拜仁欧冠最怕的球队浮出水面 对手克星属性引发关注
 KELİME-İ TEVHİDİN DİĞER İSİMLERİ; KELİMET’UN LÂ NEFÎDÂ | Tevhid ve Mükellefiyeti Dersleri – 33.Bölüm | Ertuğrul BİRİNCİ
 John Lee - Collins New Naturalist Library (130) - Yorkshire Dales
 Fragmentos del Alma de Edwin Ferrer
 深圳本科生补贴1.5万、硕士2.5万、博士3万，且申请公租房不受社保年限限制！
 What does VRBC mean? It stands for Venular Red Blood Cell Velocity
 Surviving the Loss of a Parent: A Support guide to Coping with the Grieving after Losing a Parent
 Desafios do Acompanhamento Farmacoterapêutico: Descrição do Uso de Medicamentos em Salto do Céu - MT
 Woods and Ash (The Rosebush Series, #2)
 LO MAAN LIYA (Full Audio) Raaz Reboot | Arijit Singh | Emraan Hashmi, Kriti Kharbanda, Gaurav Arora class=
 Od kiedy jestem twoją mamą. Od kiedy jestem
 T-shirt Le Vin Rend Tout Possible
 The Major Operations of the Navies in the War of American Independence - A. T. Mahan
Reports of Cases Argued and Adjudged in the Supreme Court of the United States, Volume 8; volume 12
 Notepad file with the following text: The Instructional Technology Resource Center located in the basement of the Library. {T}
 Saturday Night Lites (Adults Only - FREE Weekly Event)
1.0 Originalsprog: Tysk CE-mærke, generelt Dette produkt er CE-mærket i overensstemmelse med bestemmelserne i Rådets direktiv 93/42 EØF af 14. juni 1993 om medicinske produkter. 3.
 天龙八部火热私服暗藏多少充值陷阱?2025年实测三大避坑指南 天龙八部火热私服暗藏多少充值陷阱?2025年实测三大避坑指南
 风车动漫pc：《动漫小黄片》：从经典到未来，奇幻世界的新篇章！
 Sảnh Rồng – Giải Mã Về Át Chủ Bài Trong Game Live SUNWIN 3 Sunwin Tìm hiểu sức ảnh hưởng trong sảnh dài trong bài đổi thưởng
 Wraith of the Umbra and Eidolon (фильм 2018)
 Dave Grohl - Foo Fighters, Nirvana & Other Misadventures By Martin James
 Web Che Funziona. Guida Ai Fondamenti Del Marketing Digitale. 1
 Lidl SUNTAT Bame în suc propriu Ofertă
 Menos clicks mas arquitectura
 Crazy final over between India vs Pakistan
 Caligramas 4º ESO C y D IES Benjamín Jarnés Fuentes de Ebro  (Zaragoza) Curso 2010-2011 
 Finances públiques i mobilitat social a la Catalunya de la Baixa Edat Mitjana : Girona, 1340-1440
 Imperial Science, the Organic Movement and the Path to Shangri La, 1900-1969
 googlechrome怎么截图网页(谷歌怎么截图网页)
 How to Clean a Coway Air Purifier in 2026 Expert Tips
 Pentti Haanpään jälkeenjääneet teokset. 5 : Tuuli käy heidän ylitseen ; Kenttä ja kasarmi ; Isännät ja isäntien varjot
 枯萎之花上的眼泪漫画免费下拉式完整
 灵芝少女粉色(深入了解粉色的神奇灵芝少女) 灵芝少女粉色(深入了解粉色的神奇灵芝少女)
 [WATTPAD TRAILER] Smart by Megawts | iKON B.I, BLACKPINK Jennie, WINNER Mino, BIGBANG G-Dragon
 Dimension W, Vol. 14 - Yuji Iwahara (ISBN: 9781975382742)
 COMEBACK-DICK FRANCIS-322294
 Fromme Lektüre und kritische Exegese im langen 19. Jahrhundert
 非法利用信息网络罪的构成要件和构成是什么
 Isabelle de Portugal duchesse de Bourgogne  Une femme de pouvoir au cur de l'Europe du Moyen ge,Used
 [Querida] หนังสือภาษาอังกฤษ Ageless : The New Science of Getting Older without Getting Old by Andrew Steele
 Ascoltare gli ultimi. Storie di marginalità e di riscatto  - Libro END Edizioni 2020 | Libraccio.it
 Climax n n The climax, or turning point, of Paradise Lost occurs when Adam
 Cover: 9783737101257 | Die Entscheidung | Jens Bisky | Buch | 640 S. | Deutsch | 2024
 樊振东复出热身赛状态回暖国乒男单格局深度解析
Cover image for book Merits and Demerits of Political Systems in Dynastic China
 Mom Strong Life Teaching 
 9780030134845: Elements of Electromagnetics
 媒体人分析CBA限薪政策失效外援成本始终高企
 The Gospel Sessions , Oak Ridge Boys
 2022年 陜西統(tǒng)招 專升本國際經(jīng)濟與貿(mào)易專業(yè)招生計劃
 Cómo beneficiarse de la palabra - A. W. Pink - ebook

_ _ _ _ _ _ _

**What you are asked to do:**
Search the records for the word "Library". Copy every line that has it.

**Output for this exercise:**
 John Lee - Collins New Naturalist Library (130) - Yorkshire Dales
 Notepad file with the following text: The Instructional Technology Resource Center located in the basement of the Library. {T}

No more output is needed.